The girls venture into the temple one night while everyone is asleep and they discover an ancient book written in Latin. Faith is fluent in Latin and translates the book, which outlines a spell that will summon a demon from the pits of hell. Jamie and some of the other girls are eager to practice the spell, but Faith is reticent due to the spell requiring a virgin sacrifice - especially after learning that the schoolgirls were murdered by a guardian devoted to keeping the spell from being cast. This reluctance, along with her interactions with a handsome construction worker named Daniel (Tommy Stork), helps alienate her from Jamie, who was somewhat attracted to him. Things grow more tense when the teens return to the hidden room and discover that there is still a guardian around, as the room was covered in graffiti that warned them that summoning the demon would lead to their deaths. Because Faith has refused to help translate the rest of the book, Jamie decides to play a cruel trick on her by inviting Daniel to their room and making it appear as if he was trying to rape her.

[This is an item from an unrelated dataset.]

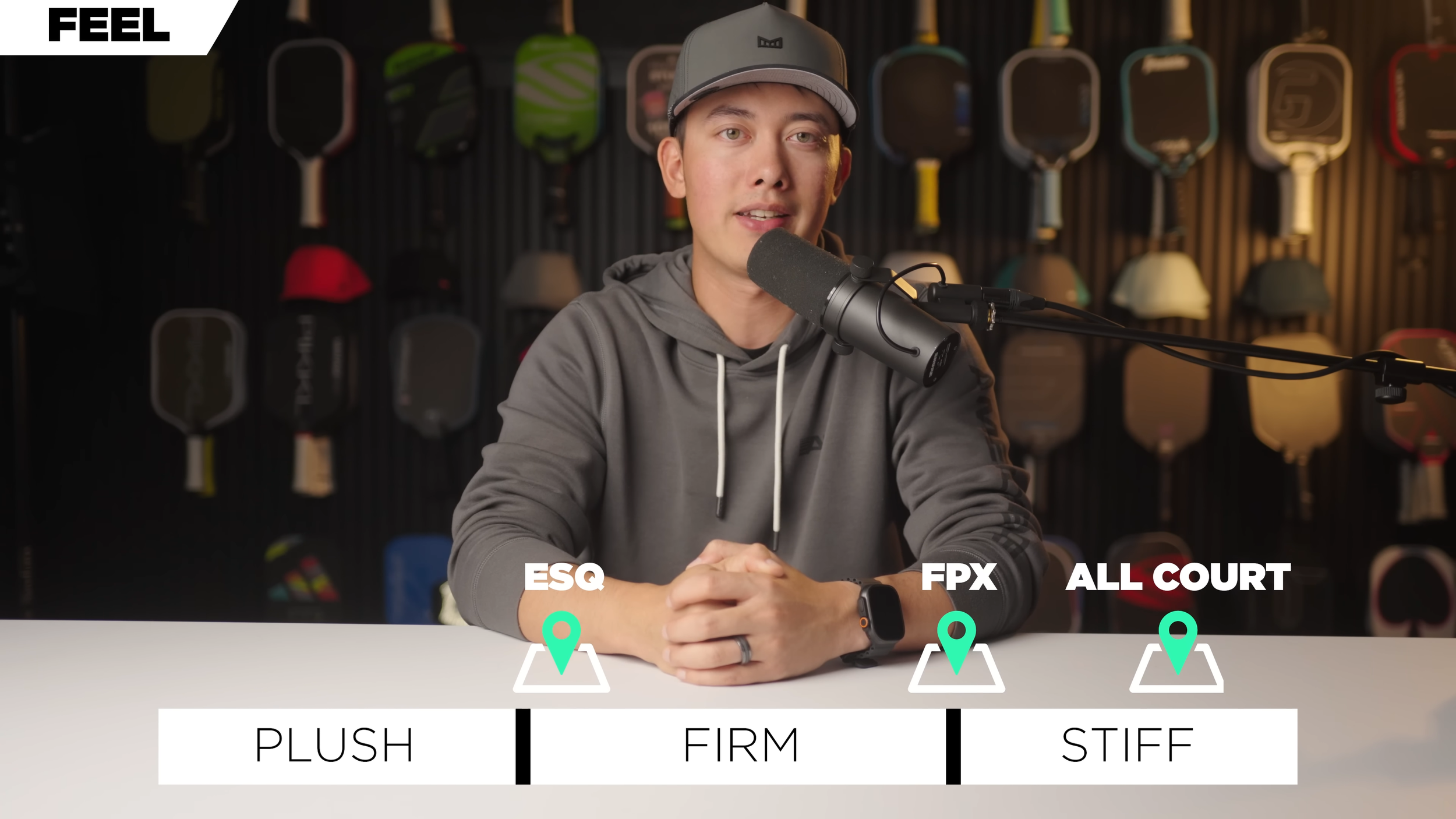 Pickleball paddle feel comparison chart showing ESQ as plush, FPX as firm, and All Court as stiff
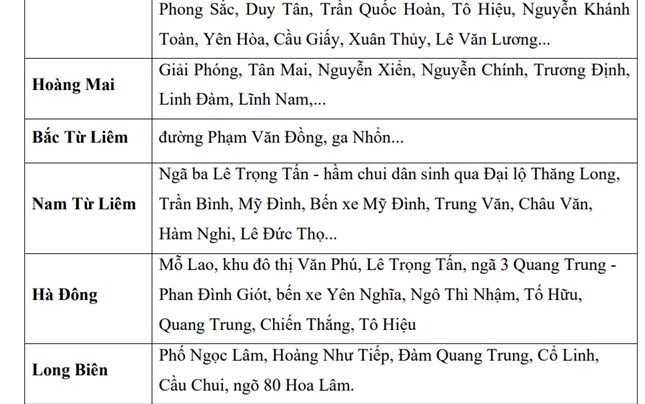 Danh sách các tuyến phố có nguy cơ ngập sâu ở Hà Nội sau mưa lớn.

The girls' young schoolteacher, Sister Sherilyn (Jennifer Rubin), provides Faith with some guidance and has her bring meals to Mother Clodah (Zelda Rubinstein), a strange nun bearing a distinctive birthmark on her face. This ends up being to Faith's benefit, as she manages to avoid falling under one of Jamie's spells by praying with Mother Clodah. Unfortunately the encounter also ends with Mother Clodah's death due to Jamie poisoning her meal, believing Mother Clodah to be the guardian. Jamie, who has taught herself to read Latin due to Faith's refusal to translate, proceeds with the spell as planned. The movie implies that the teens will use Faith as a sacrifice due to her virginal nature, but Jamie ends up using Daniel instead after she learns that he is also a virgin. Horrified that they are moving forward with the spell, Faith receives help from Sister Sherilyn, who reveals that she is the guardian. They manage to stop the ceremony in time to save Daniel, but at the cost of the lives of Jamie and all of the other girls involved with the spell.

== Cast ==
- Mimi Rose (credited as Mimi Reichmeister) as Faith Ferguson
- Sheeri Rappaport as Jamie
- Jennifer Rubin as Sister Sherilyn
- Jack Nance as Father Michael
- Zelda Rubinstein as Mother Clodah
- Eric Pierpoint as Sheriff Gordon
- Clea DuVall as Kelsey (DuVall's film debut)
- Tommy Stork as Daniel

==Reception==
Reception for Little Witches was largely negative, with a Rovi reviewer panning the film. The Chicago Sun-Times commented that the film was full of cliches, while The Kansas City Star named it one of the "worst videos of 1996". JoBlo praised the acting for Rappaport while panning the film overall.